JSONPath expressions look like this:

'$' — the dollar sign represents the entire JSON document, or the root node of the document
'$.customer' — using dot notation, you can access individual values by their key
"$['customer']" — access the same key using bracket notation (dot- and bracket notation can even be mixed)
'$.line_items[0]' — using brackets, you can access individual list items by their 0-based index
'$.line_items[0].product_id' — there is no limit on nesting, allowing deep queries very easily
'$.line_items[*]' — this wills select all children of line_items, and is not exactly useful for our purpose of small corrections
'$.line_items[?@.qty > 5]' JSONPath also supports logical queries. This would select all line items with a quantity greater than 5. This type of filtering is also not useful for issuing corrections

The path expressions that can result in multiple results did not make sense in the scope of issuing document corrections, but the rest looked simple enough.
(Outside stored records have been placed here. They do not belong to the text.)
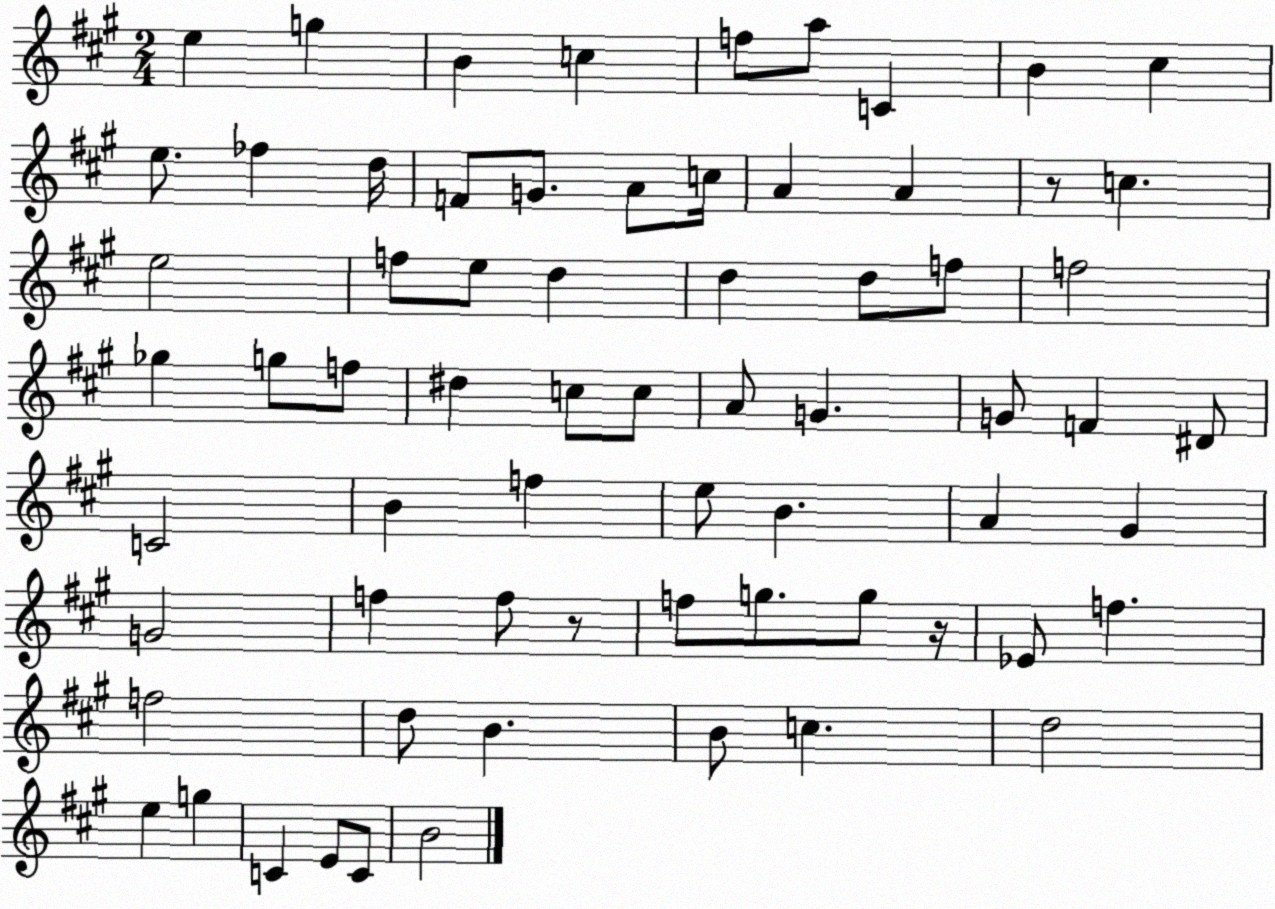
X:1
T:Untitled
M:2/4
L:1/4
K:A
e g B c f/2 a/2 C B ^c e/2 _f d/4 F/2 G/2 A/2 c/4 A A z/2 c e2 f/2 e/2 d d d/2 f/2 f2 _g g/2 f/2 ^d c/2 c/2 A/2 G G/2 F ^D/2 C2 B f e/2 B A ^G G2 f f/2 z/2 f/2 g/2 g/2 z/4 _E/2 f f2 d/2 B B/2 c d2 e g C E/2 C/2 B2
In fact they looked exactly like Python's list-like and dict-like accessors.

Sample Data

Let's set up some sample data, representing a purchase order and two corrections:

target_json = '''{
    "customer": "Wright, Callahan and Hale",
    "order_timestamp": "2024-10-15T14:21:28.200830Z",
    "line_items": [
        {
            "product_id": "0493774426549",
            "qty": 3,
            "unit_price": "586.12"
        }
    ],
    "shipping_destination": {
        "address_1": "804 Martinez Walk Apt. 638",
        "city": "Thomasland",
        "state": "IN",
        "country": "USA",
        "postal_code": "43216"
    }
}'''

correction_1 = {
    'json_path': "$['line_items'][0]['qty']",
    'value': 6,
    'user': 'alyssagreen@example.net',
    'timestamp': '2024-10-15T16:27:25.255840Z',
}

correction_2 = {
    'json_target': '$.shipping_destination.address_1',
    'value': '904 Martinez Walk Apt. 638',
    'user': 'alyssagreen@example.net',
    'timestamp': '2024-10-15T16:28:24.356125Z',
}

Examining the corrections listed above, notice that correction_1 uses a JSONPath with bracket notation, and correction_2 uses a JSONPath with dot notation. We need to ensure that corrections with each type of path expressions can be applied.

Initial Implementation

With those examples in place, I took a first stab at implementing apply_correction():

import json

def apply_correction(target, correction):
    """
    Generates and executes a python assignment statement like:
        `target.line_item[0].qty = value`
    Modifies <target> in-place
    """
    json_path: str = correction['json_path']
    value = correction['value']
    python_path = json_path.replace('$', 'target', 1)
    exec(f'{python_path} = value', {}, locals())


document = json.loads(target_json)
apply_correction(document, correction_1)
assert document['line_items'][0]['qty'] == 6

Well I did mention that JSONPath closely mimics Python's own syntax! With a simple string replacement, we were able to turn our JSONPath into an exec()utable Python assignment. This method immediately brought us halfway to our goal. json.loads() by default gives us dict and list objects, which are mutable, passed by reference, and support bracket notation just like JSONPath!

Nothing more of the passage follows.